In Traumatisme colonial, Karima Lazali, explore les effets d'une histoire coloniale brutale ainsi que la souffrance continue sous un régime islamique fondamentaliste sur la subjectivité des Algériens contemporains. Lazali illustre les effets catastrophiques de telles occlusions, décrivant la constriction émotionnelle et l'imagination forclose manifestées par ses patients indigènes algériens. Le cœur de la blessure à la subjectivité, note Lazali, est un manque de sentiment d'appartenance qui est enraciné dans une rupture avec les histoires généalogiques. Soumis à une idéologie totalisante, à l'effacement de la langue, au fondamentalisme religieux et à l'autoritarisme politique, les Algériens ont intériorisé l'amnésie et un sens de l'absolu qui étouffe leur capacité de sens.  

L'engagement social agentique appelle un élan vers la mutualité, vers le « devenir-l'un-avec-l'autre » et le « hors-de-soi » (p. 71) qui nous permet d'absorber de nouvelles altérités et d'élargir nos possibilités subjectives.
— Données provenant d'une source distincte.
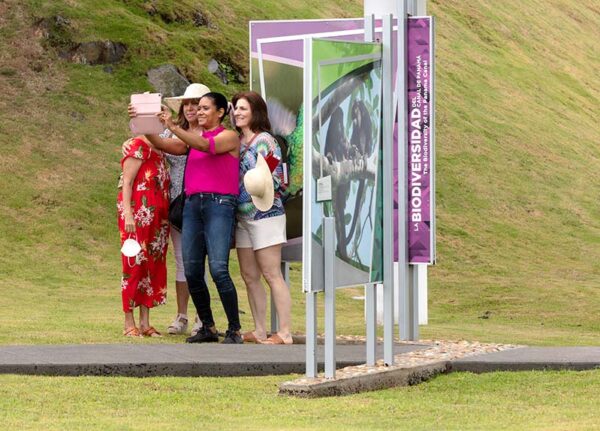 Grupo de turistas en el Centro de Visitantes de Agua Clara Grupo de turistas en el Centro de Visitantes de Agua Clara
Comme le notent Butler et Athanasiou, ce qui est en cause ici, c'est « la thématique controversée de l'agentivité » : l'appareil de reconnaissance et de normalisation peut-il jamais être désorganisé afin que les individus puissent faire l'expérience d'une « proclamation performative d'un soi qui a été défait et refait » ? Ou, comme ils le suggèrent aussi, peut-on un jour surmonter « la ruse de la reconnaissance » ? Il s'agit bien sûr d'une question pédagogique, immortalisée, comme le notent Butler et Athanasiou, dans le plaidoyer de Fanon : « Ô mon corps, fais de moi toujours un homme qui interroge ». Pouvons-nous alors imaginer des systèmes pédagogiques ou un milieu thérapeutique qui permettraient aux enfants de commencer à se rendre compte d'eux-mêmes (cf. Butler), de manière à leur permettre de commencer à déconstruire les systèmes de reconnaissabilité ancrés dans la relation familiale, matrices culturelles et politiques dans lesquelles ils s'insèrent, voire à partir desquels ils se constituent ? Le potentiel de faire passer les enfants de la simple existence ou asservissement à la relationnalité éthique et à la possibilité agentique suggère que nous devrions poursuivre cette question avec une certaine urgence.


 Adapté de mon chapitre « Agent de négociation dans la formation de la subjectivité : L'enfant, l'Autre parental et l'Autre souverain ». Dans O'Loughlin, M., Owens, C. & Rothschild, L. (Eds). (2023). Précarités du 21st enfances du siècle : Explorations critiques de temps(s), de lieu(s) et d'identités. Livres de Lexington. Chapitre complet disponible sur demande auprès de l'auteur : [email protected].